*** Entries provided ***
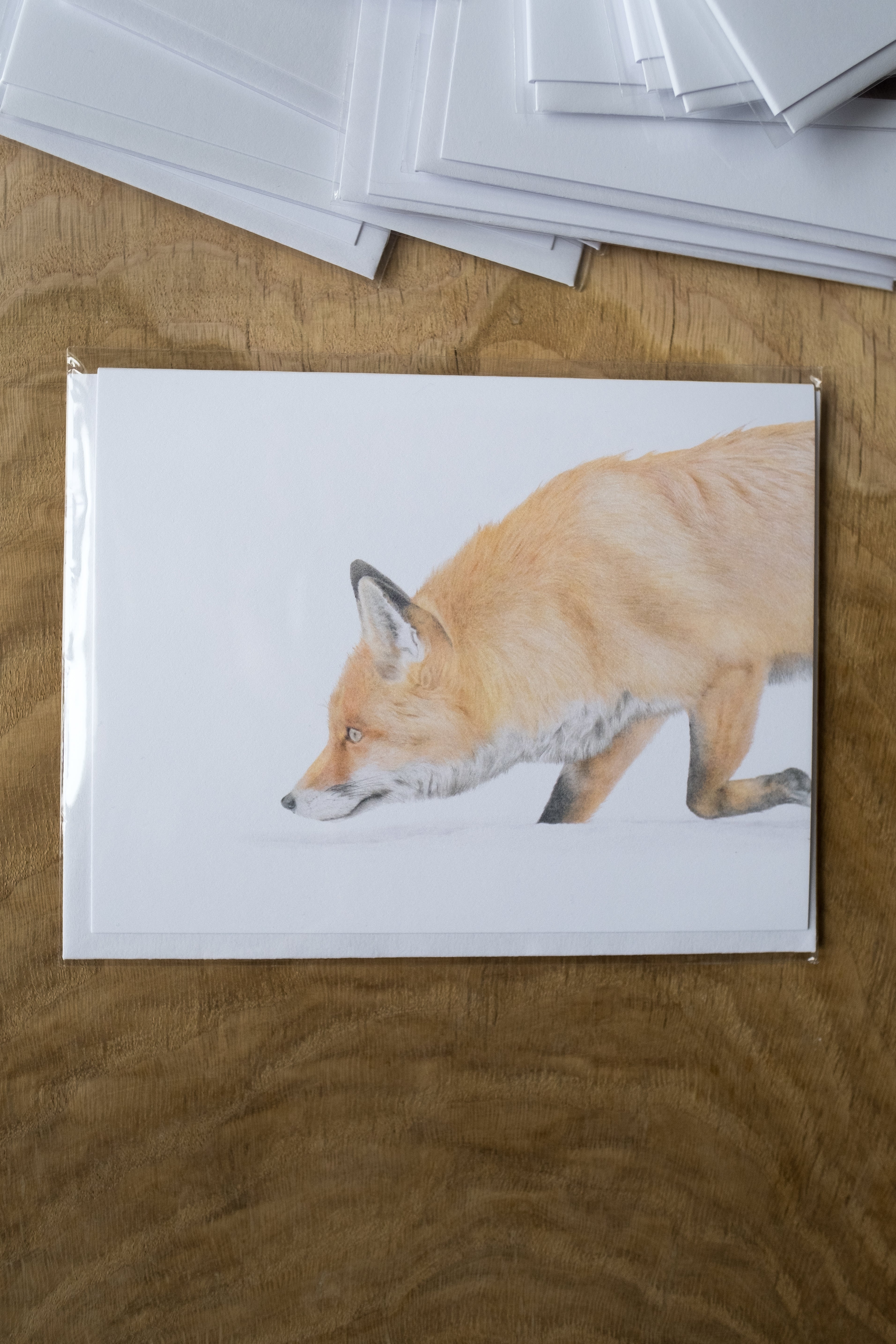 Notecard 5.5" x 4" Premium Matte - "Pursuit" Red Fox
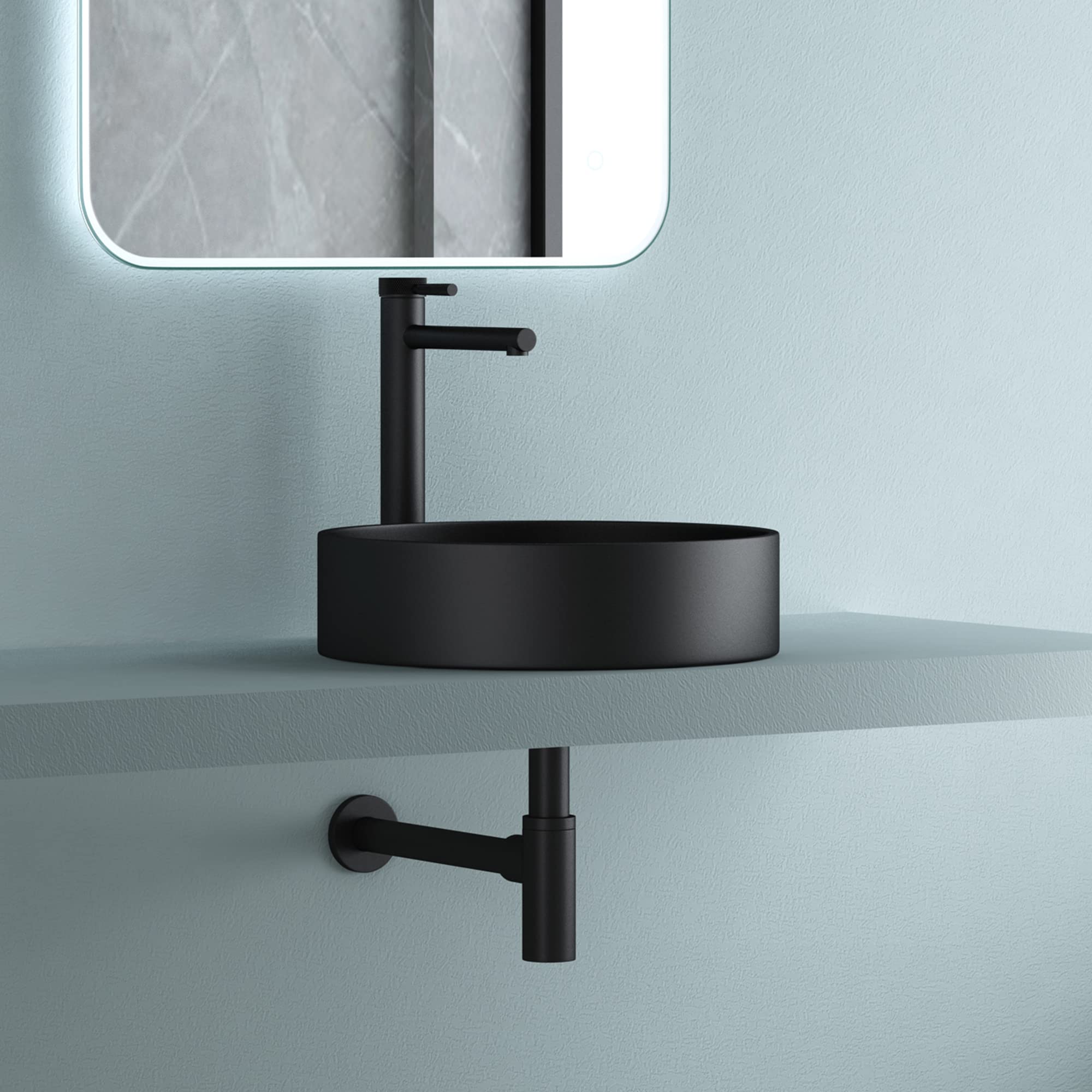 doporro Siphon pour Lavabo et Vasque en Laiton Anti-Odeur Noir Mat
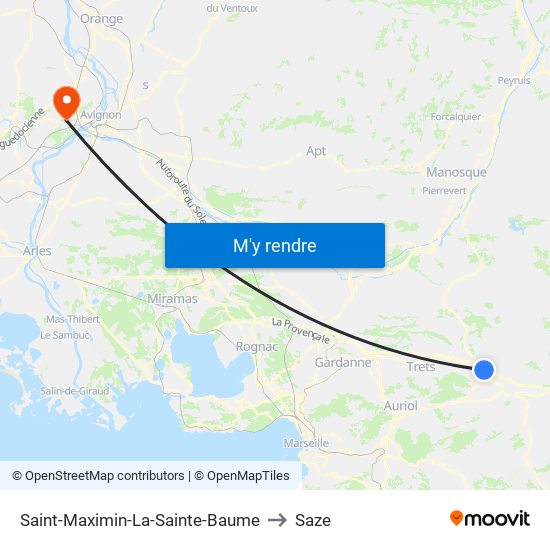 Saint-Maximin-La-Sainte-Baume to Saze map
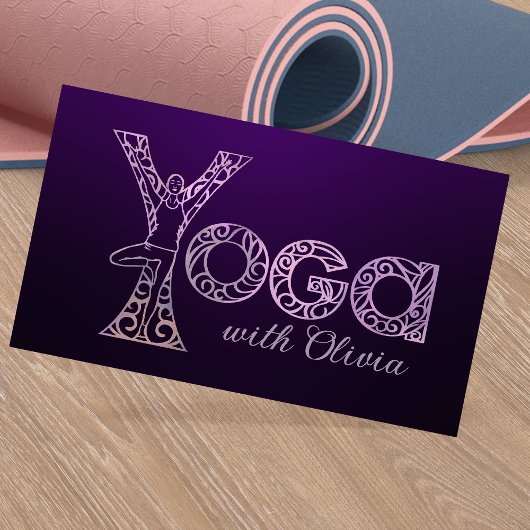 Yoga Boom Pose Word Art Tekening Visitekaartje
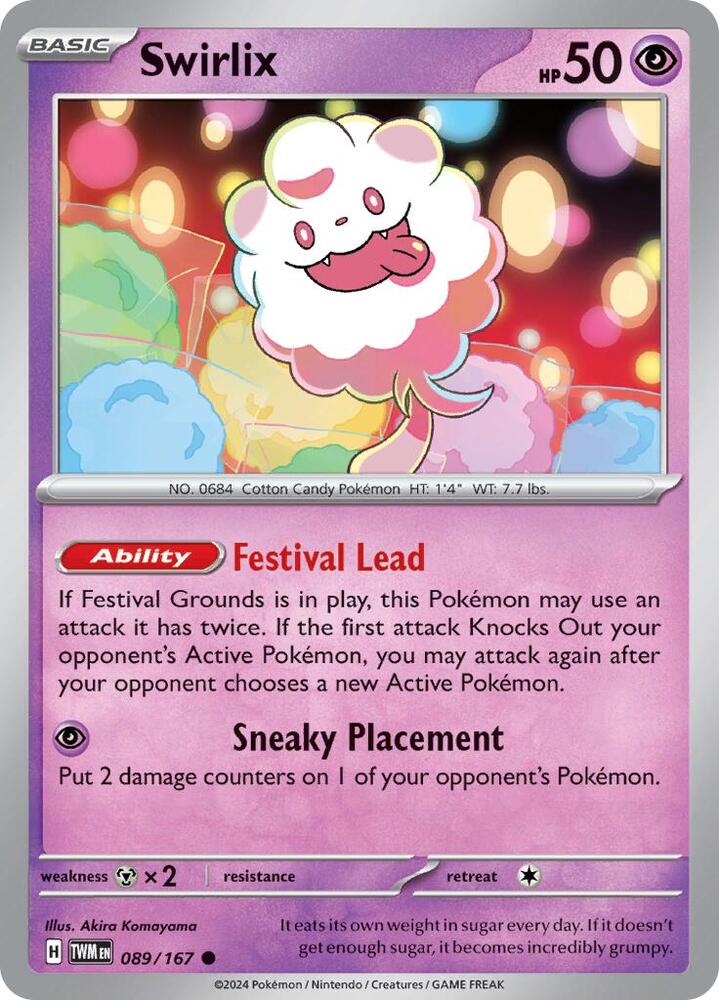 089/167 Swirlix Reverse Holofoil · Twilight Masquerade (TWM) by PokeMarsi on MYNTED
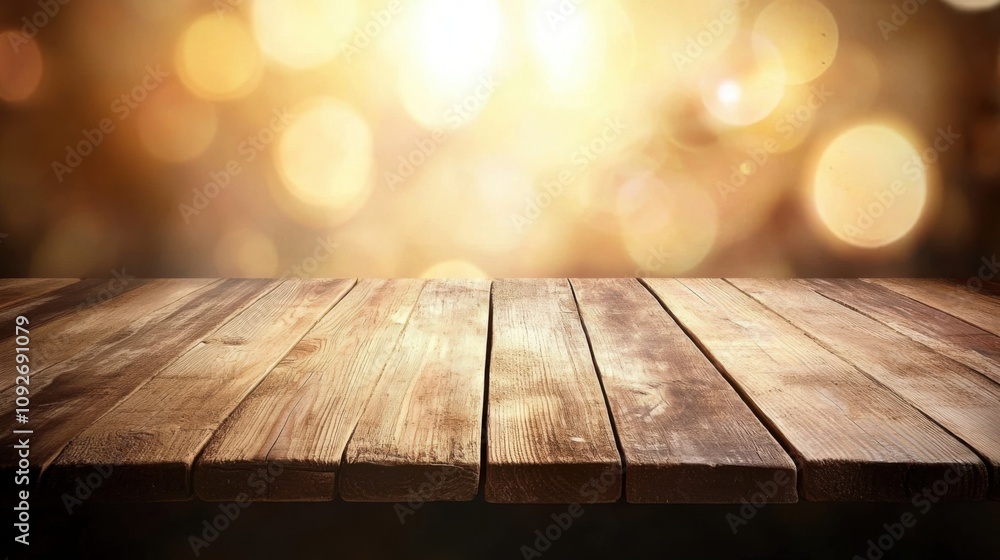 Poster rustic wooden table surface with blurred golden bokeh background for bright and warm photo effects i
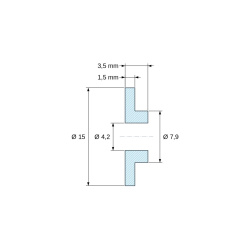 Kótovaný výkres 3,5 mm, Izolačné puzdro s prírubou Ø4,2x15mm, nízke osadenie Ø7,9mm, prírodný polyamid PA6 UL94-V2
*** End of Entries provided ***
- **Exercise**
The output must match the records word for word, except that no pictures appear.

- **The answer**
 Notecard 5.5" x 4" Premium Matte - "Pursuit" Red Fox
 doporro Siphon pour Lavabo et Vasque en Laiton Anti-Odeur Noir Mat
 Saint-Maximin-La-Sainte-Baume to Saze map
 Yoga Boom Pose Word Art Tekening Visitekaartje
 089/167 Swirlix Reverse Holofoil · Twilight Masquerade (TWM) by PokeMarsi on MYNTED
 Poster rustic wooden table surface with blurred golden bokeh background for bright and warm photo effects i
 Kótovaný výkres 3,5 mm, Izolačné puzdro s prírubou Ø4,2x15mm, nízke osadenie Ø7,9mm, prírodný polyamid PA6 UL94-V2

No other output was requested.